=== DATASET ===
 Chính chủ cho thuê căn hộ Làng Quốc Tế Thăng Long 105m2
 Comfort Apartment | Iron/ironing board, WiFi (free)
===
=== DATASET ===
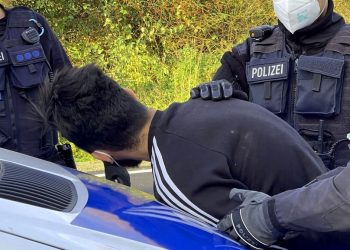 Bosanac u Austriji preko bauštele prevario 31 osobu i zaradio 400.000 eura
===
=== DATASET ===
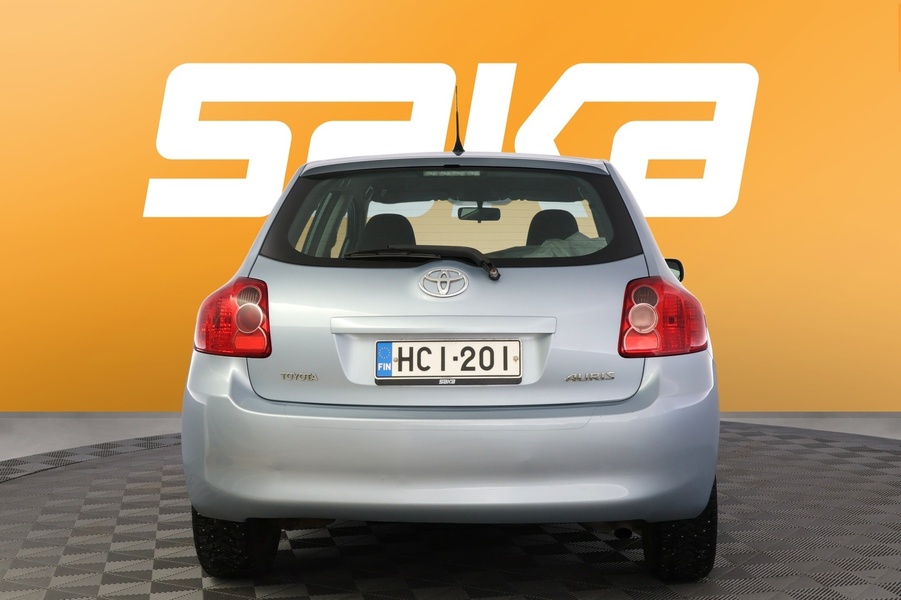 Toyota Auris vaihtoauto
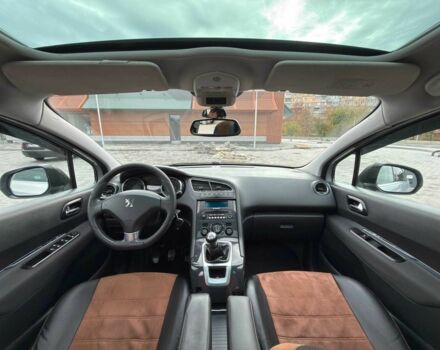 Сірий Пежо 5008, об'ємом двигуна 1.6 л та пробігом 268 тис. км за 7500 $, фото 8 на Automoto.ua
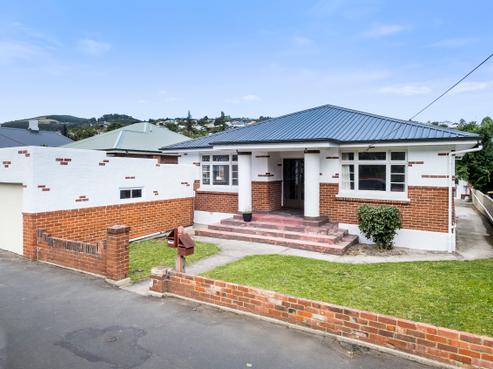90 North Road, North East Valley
===
For this exercise, set down the lines in the entries above from the one with "Сірий Пежо 5008, об'ємом" through the one with "90 North Road, North East Valley" exactly as written, without any pictures.

 Сірий Пежо 5008, об'ємом двигуна 1.6 л та пробігом 268 тис. км за 7500 $, фото 8 на Automoto.ua
90 North Road, North East Valley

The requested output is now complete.